WORK INSTRUCTION:
Set down without change every line from the line that contains "Maxgear 33-0279 - Butuc roata aaoparts.ro" through the end of the listing, and only those lines. No pictures.
---- STUDY MATERIAL
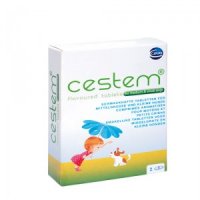 Cestem S/M Kleine Hond 2 tabletten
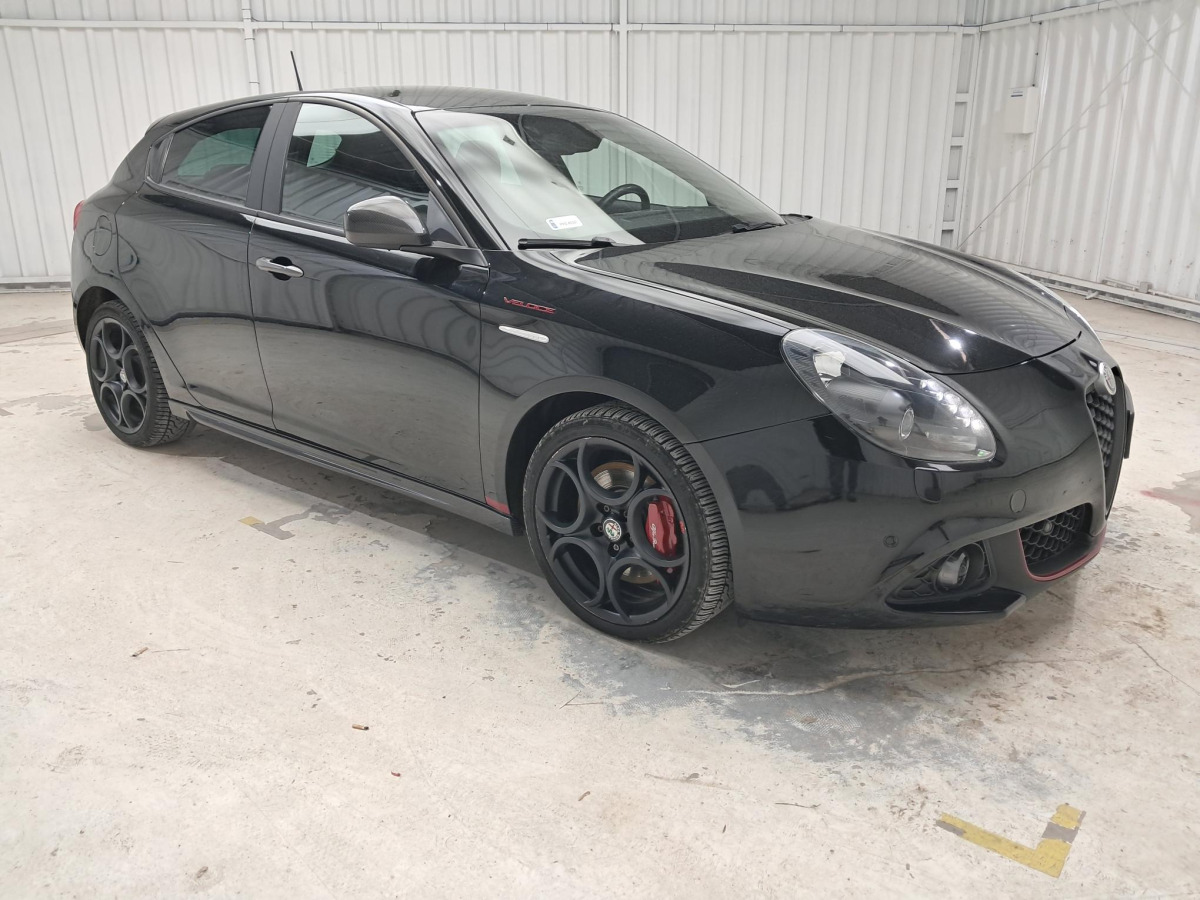ALFA ROMEO ALFA GIULIETTA HATCHBACK - Hatchback: afbeelding 1 ALFA ROMEO ALFA GIULIETTA HATCHBACK - Hatchback: afbeelding 1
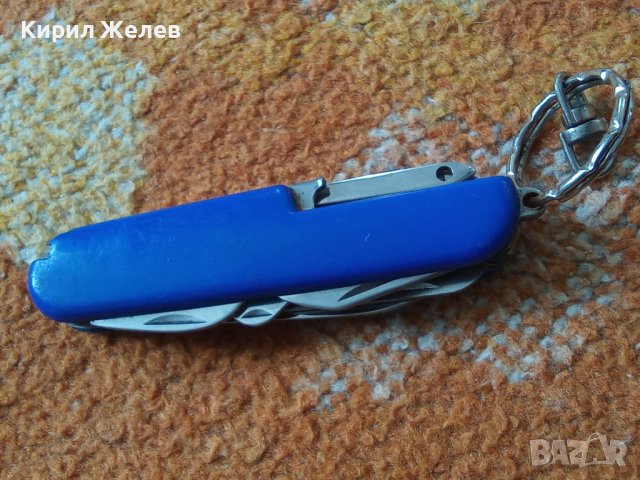 Джобно ножче старо 41993, снимка 8 - Колекции - 43238352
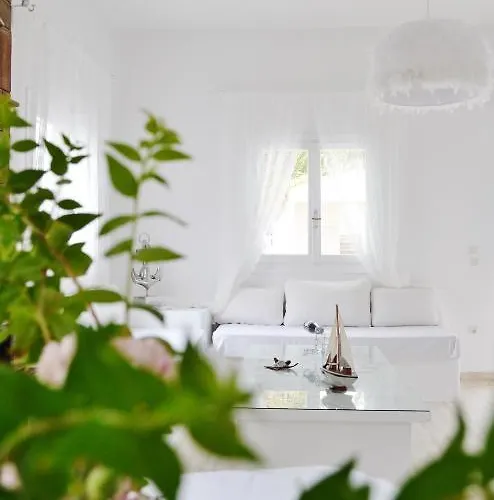 アパート Sol Mare Salis Kamári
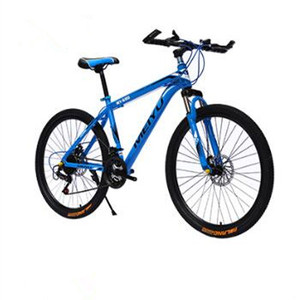 <span class=keywords><strong>Bicicleta</strong></span> de Montaña de Alta Calidad <span class=keywords><strong>Cube</strong></span> de 26 Pulgadas con Suspensión, Frenos de Disco, <span class=keywords><strong>24</strong></span> Velocidades, Horquilla de Acero, Cuadro de Fibra de Carbono, Pedales Ordinarios, 26*2.5" - Product Image 4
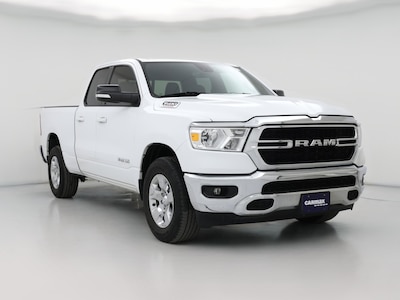 2022 Ram 1500 Bighorn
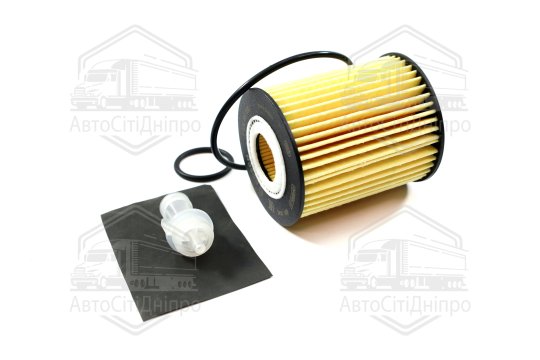 Фільтр масляний двигуна (вир-во BOSCH)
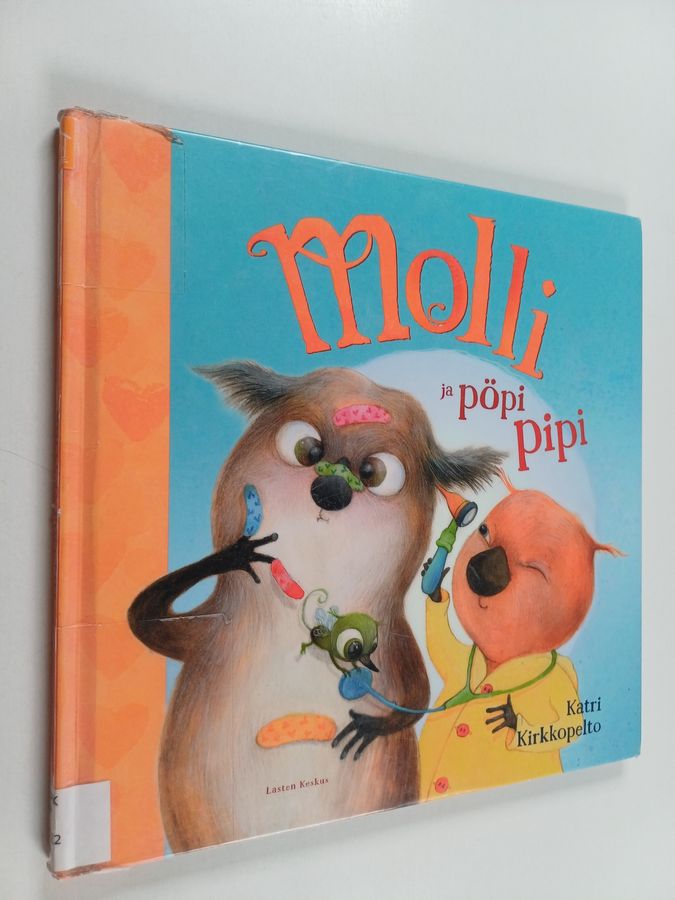 Molli ja pöpi pipi
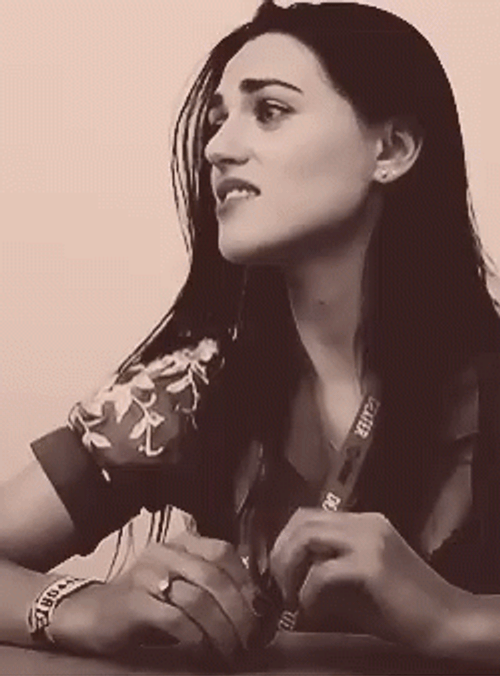 Katie Mcgrath Supergirl Worried Reaction GIF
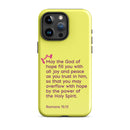 iPhone Case - Romans 15:13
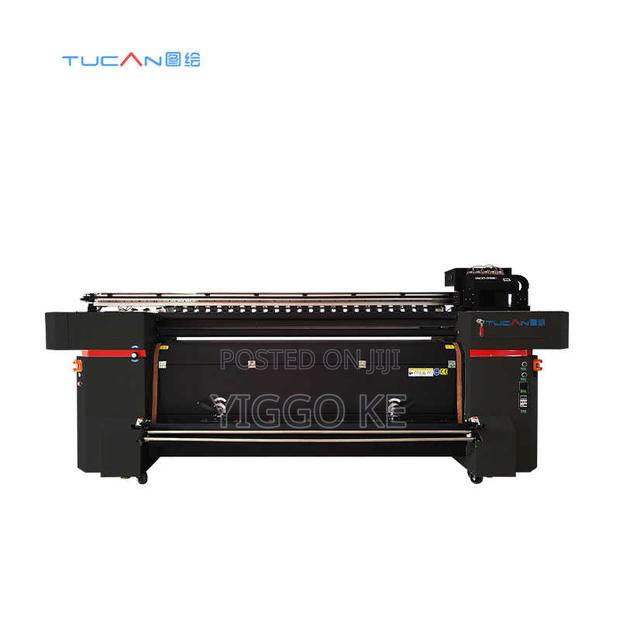2 Meter Large Format Flag Sublimation Printer at Best Price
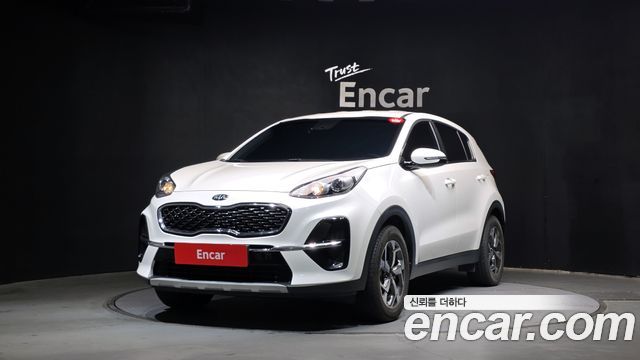 Kia Sportage 2019 — photo 1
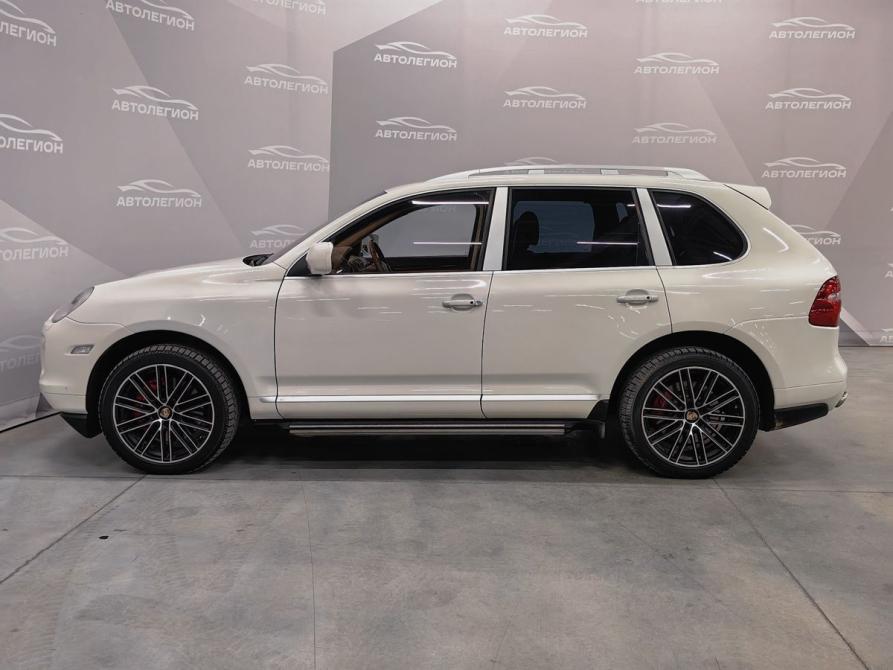 Porsche Cayenne I Рестайлинг (957) Новосибирск  - изображение 2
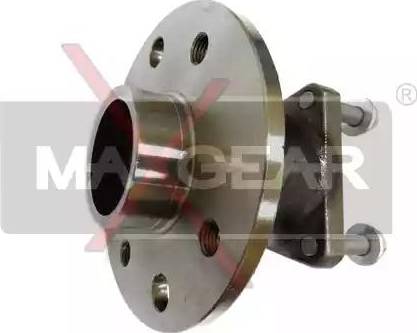 Maxgear 33-0279 - Butuc roata aaoparts.ro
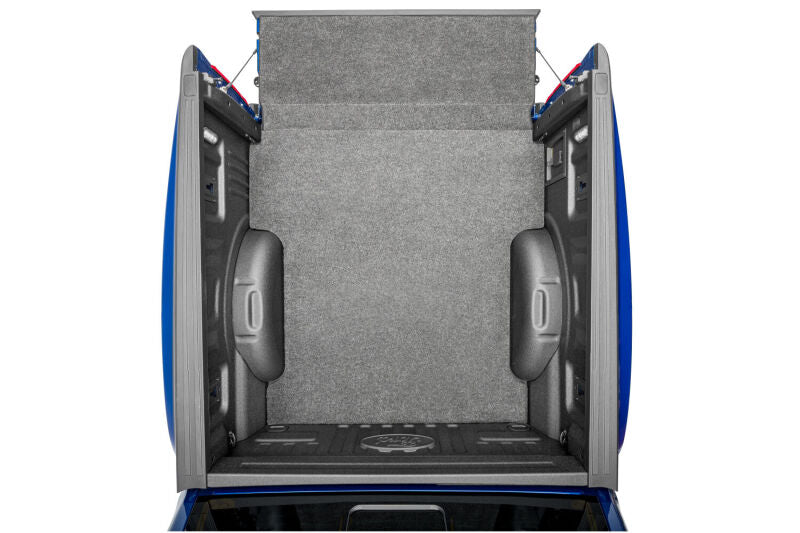 Husky Liners 15-26 Ford F-150 (Inc 22-26 Lightning) SC 5.5ft Bed Guardian Comfort Bed & Tailgate Mat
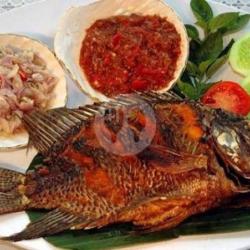 Ikan Nila Goreng Satuan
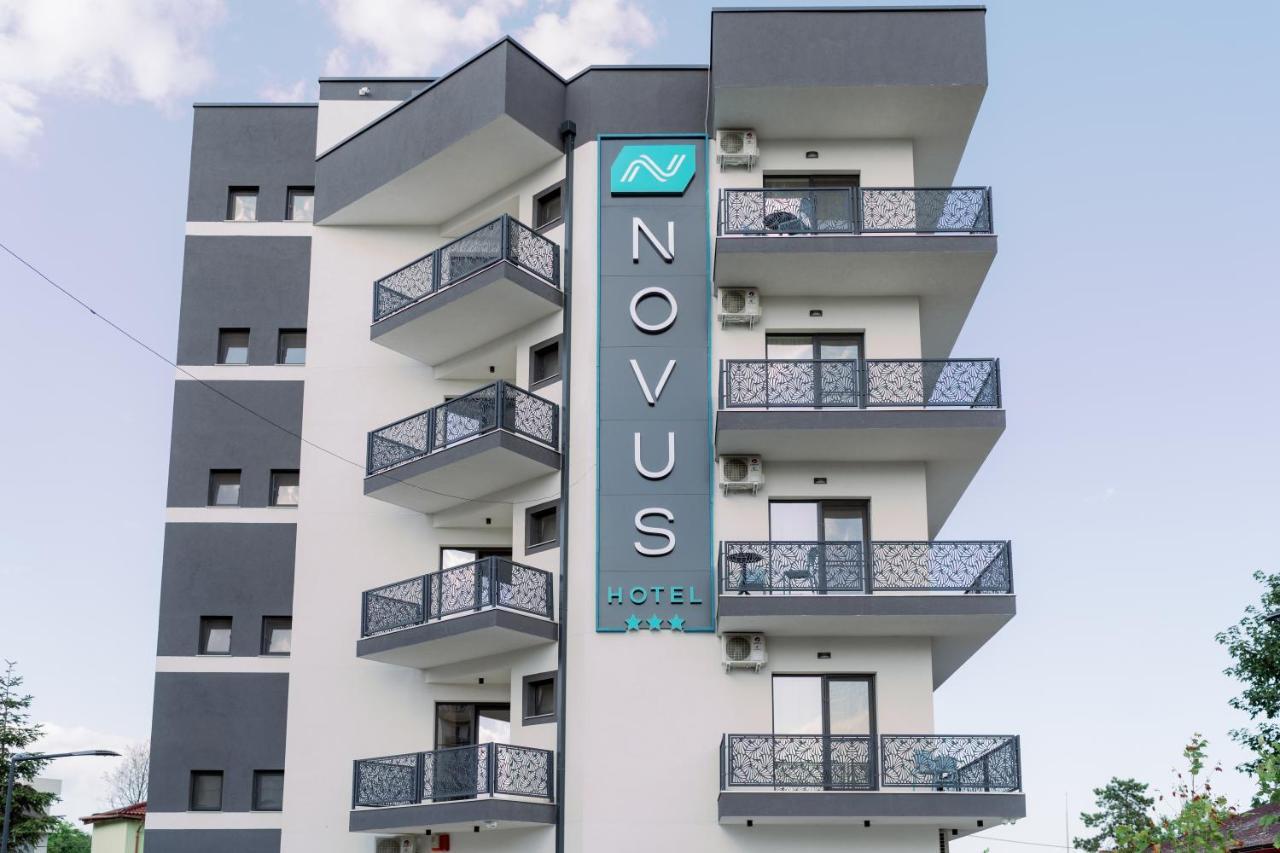 Novus Hotel 데포리노드 외부 사진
--------
TASK ANSWER:
 Maxgear 33-0279 - Butuc roata aaoparts.ro
 Husky Liners 15-26 Ford F-150 (Inc 22-26 Lightning) SC 5.5ft Bed Guardian Comfort Bed & Tailgate Mat
 Ikan Nila Goreng Satuan
 Novus Hotel 데포리노드 외부 사진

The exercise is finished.